Below are lines of records; copy exactly those from the one containing "Ferias de empleos" through the one containing "i zaplakao Debitovao", leaving the pictures behind.

---------- Supplied material ----------

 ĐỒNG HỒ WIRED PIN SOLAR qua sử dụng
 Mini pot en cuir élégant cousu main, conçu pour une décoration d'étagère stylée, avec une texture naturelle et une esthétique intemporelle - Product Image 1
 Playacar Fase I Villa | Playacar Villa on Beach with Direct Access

----------
---------- Supplied material ----------

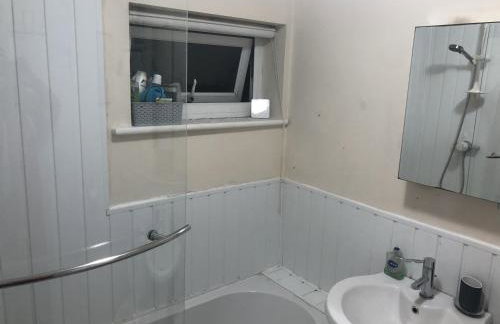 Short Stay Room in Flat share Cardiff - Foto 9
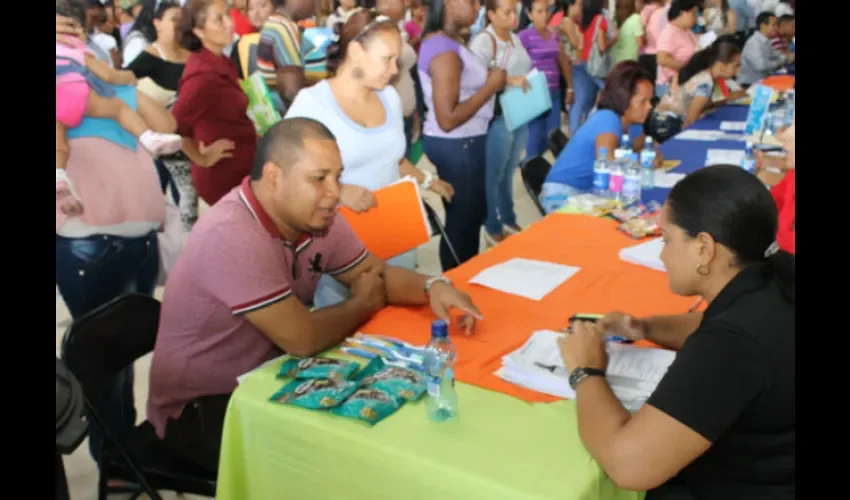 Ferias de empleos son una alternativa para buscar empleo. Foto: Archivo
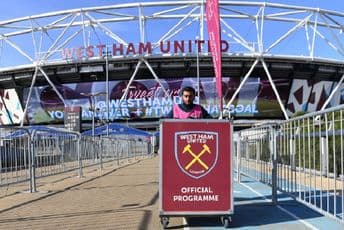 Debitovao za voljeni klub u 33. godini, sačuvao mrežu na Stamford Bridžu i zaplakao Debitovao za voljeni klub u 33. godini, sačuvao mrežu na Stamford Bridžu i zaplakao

----------
---------- Supplied material ----------

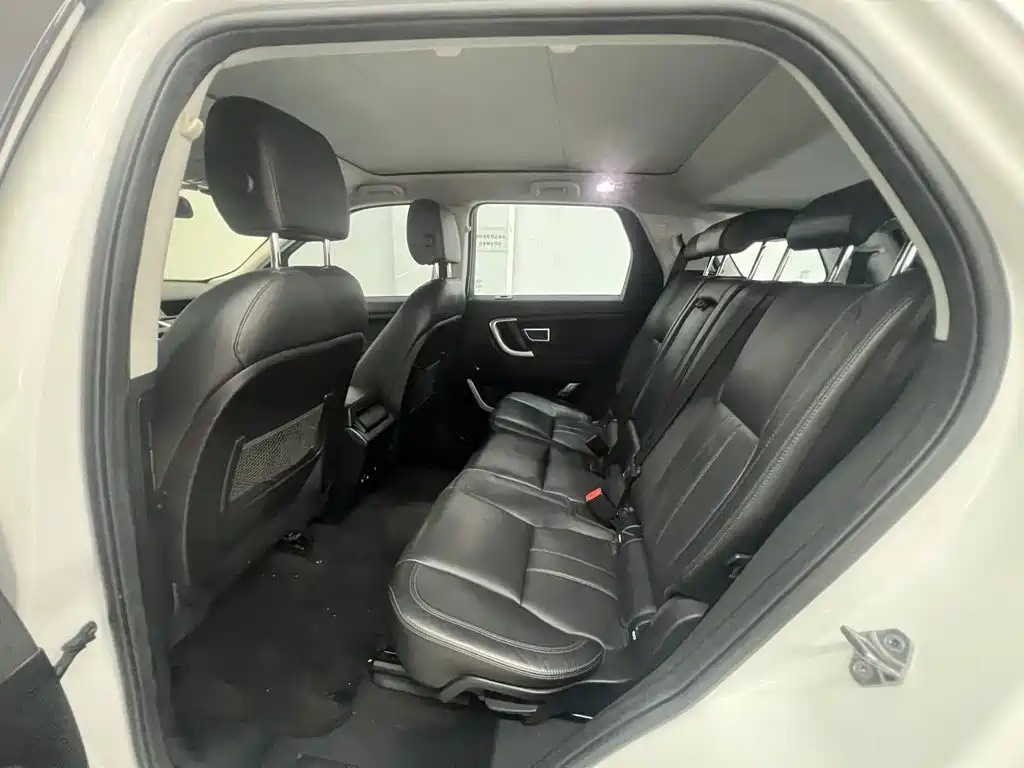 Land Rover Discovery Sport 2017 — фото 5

----------

Response area >>
 Ferias de empleos son una alternativa para buscar empleo. Foto: Archivo
 Debitovao za voljeni klub u 33. godini, sačuvao mrežu na Stamford Bridžu i zaplakao Debitovao za voljeni klub u 33. godini, sačuvao mrežu na Stamford Bridžu i zaplakao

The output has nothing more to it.